Oh boy! A topic I feel competent in (there aren't many), it's FRIDAY, and I just finished a bunch of very distasteful bureaucratic paperwork, so am in a good mood!
Re the posts about the energy: It may or may not be true that the bigger tire will absorb more energy from the airplane upon touchdown - that is, how much of the linear kinetic energy of the airplane is converted to rotational kinetic energy of the tire/wheel. It depends on how the mass of the tire varies with its loaded radius, and on the mass distribution. Both are unknowns here.
The rotational kinetic energy for different size wheels varies as 1/2 times the moment of inertia of the wheel times its angular velocity (related to RPM) squared. But for a given forward speed its angular velocity is inversely proportional to its loaded radius. Grossly simplifying, the tire/wheel assemblies will have a mass ratio roughly proportional to their diameter ratios, crudely assuming most of the mass is in the tread face of the tire.
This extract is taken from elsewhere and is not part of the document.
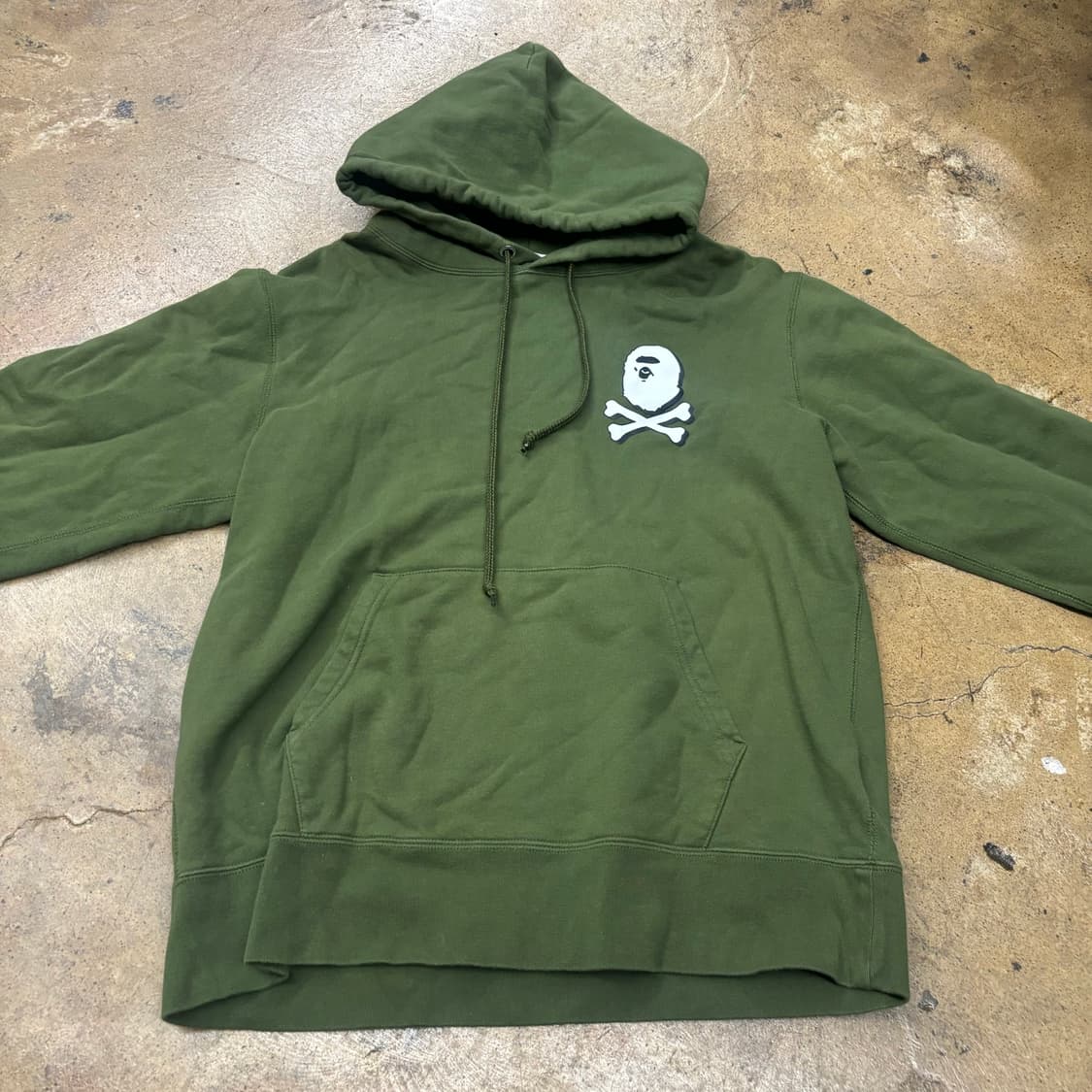 베이프 카키 말차 해적 크로스본 원 포인트 후드 티 상품이미지3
Now, moment of inertia is mr^2, so the ratio of moments of inertia will be as the ratio of their radii cubed (mass varies as r and I as r^2). Now, the angular velocity is proportional to v/r where v is the airplane's velocity and r is the loaded tire radius. so now we've got kinetic energy of the tire assembly roughly proportional to tire radius squared for a given linear velocity of the airplane.
HOWEVER that only has to do with initially spinning up the tire (and explains why the plane will lurch a little bit more on touchdown with the bigger tires). BUT the plane isn't stopped yet - the wheel needs to stop rotating when the plane stops. So the rotational kinetic energy of the wheel, as well as what's left of the linear kinetic energy of the plane, must also be converted to heat by the brakes.
In fact, it gets worse. A little bit of energy is dissipated by the wheel bearings. The larger wheel spins slower than a smaller wheel. Therefore the frictional energy loss in the wheel bearings is less for the large tire. This is a tiny difference, but it's there. So more of the total energy of the plane is dissipated in the brakes (as compared to other mechanisms) with the larger tires.
Bottom line - - Bob's right. No net savings in braking ENERGY for larger tires. But the braking energy only matters in terms of the heat dissipation capability of the brake system, not the braking force that must be applied to the pads.
As to adequacy of braking force, other posters who have said that the distance from ground to axle centerline is what matters, they're correct. The frictional force on the brake disk required for a given rate of deceleration is linearly proportional to that loaded radius.
Like I said, I'm more in a good mood right now than an intensely technical mood, so somebody may point out error(s) in the above. Fun stuff.